Il Dipartimento di Sostenibilità Ambientale subappalta la gestione del vivaio di tartarughe a Morro Jable, la stazione biologica a La Oliva e il controllo di cetacei e cheloni.

La fauna selvatica ferita, la gestione delle discariche e i centri di recupero delle tartarughe marine di Morro Jable e la stazione biologica di La Oliva sono trasferiti dal Dipartimento di sostenibilità ambientale del Consiglio dell’isola di Fuerteventura a Gesplan.

L’azienda pubblica ha assunto quattro operai specializzati e un coordinatore veterinario con fondi del Cabildo.

Questo nuovo team multidisciplinare ha già iniziato a lavorare in tutta l’isola, tra cui ci sono anche altre azioni di supporto in caso di “incagli”, principalmente di cetacei marini o tartarughe che sono comuni sulla costa sottovento.

Fino ad ora, la maggior parte di questi compiti erano svolti dagli agenti dell’ambiente.

Per l’assessore alla sostenibilità ambientale, Lola García, contrattare attraverso Gesplan permette di completare il lavoro che “già svolgiamo per la conservazione della fauna selvatica, mettendo in valore ancora una volta la ricca biodiversità di Fuerteventura e l’importanza della cura di un territorio Riserva della Biosfera”.


Il dipartimento di sostenibilità ambientale della prima istituzione majorera ha il centro di conservazione e recupero delle tartarughe marine situato al molo di Morro Jable e il centro di recupero della stazione biologica di La Oliva dove, tra gli altri, vivono le guirre (Il capovaccaio Neophron percnopterus Linnaeus, 1758) che non possono essere rilasciate dall’impossibilità di riadattarsi all’ambiente naturale.

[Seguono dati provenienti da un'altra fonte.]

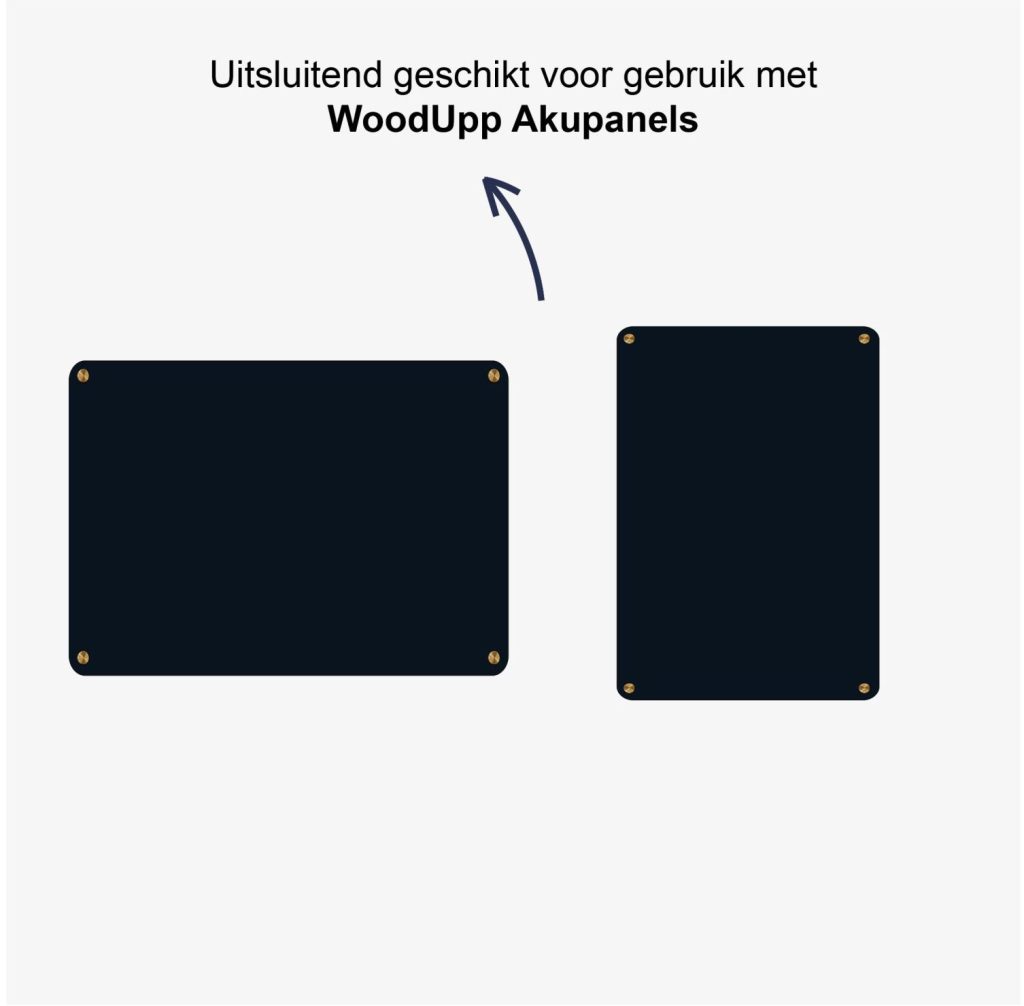 Afbeelding 9 van 9 in Magneetbord galerie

Lo scopo di queste strutture è la cura e il recupero delle specie protette colpite dall’influenza umana o da altre cause naturali, con l’obiettivo finale di restituirle successivamente al loro ambiente naturale.

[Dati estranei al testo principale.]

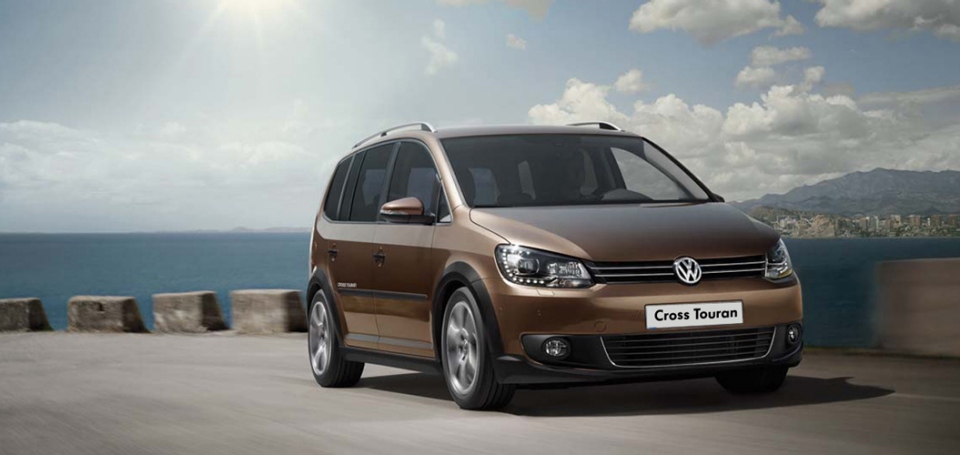 Volkswagen Touran Cross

Nel caso delle tartarughe, esse sono per lo più ferite da reti con attrezzi da pesca o di plastica.

Altre strutture importanti associate alla conservazione della biodiversità a Fuerteventura sono i depositi di cibo distribuiti dai comuni, attraverso i quali si fornisce settimanalmente cibo alla popolazione di uccelli spazzini come il guirre majorero, l’aquila o il corvo.

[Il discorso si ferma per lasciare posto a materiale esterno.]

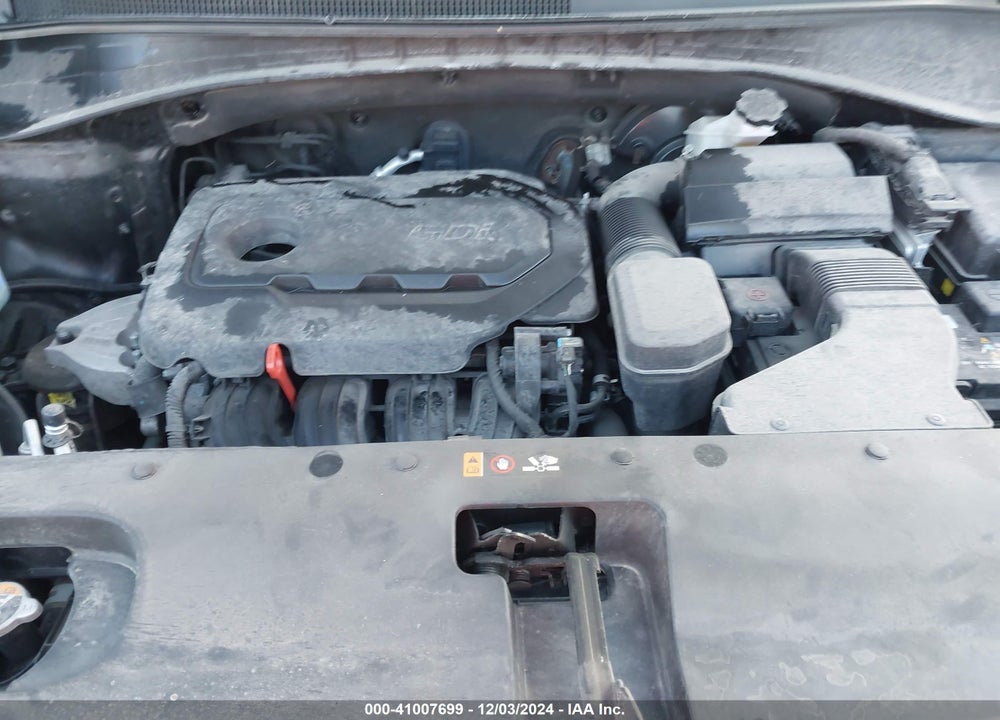2020 KIA SORENTO 2.4L LX VIN: 5XYPG4A33LG648926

Il presidente Sergio Lloret Lopez ringrazia e apprezza il lavoro che sarà sviluppato dalla nuova squadra, “che aiuterà a rafforzare l’equilibrio naturale della nostra isola e a recuperare il più presto possibile quelle specie che sono danneggiate così spesso dall’azione umana”.

Secondo l’assessore alla Gestione Ambientale, Pedro Martínez, “dobbiamo garantire la conservazione e l’uso razionale del patrimonio naturale, prestando particolare attenzione agli habitat più minacciati e alle specie sotto protezione speciale”.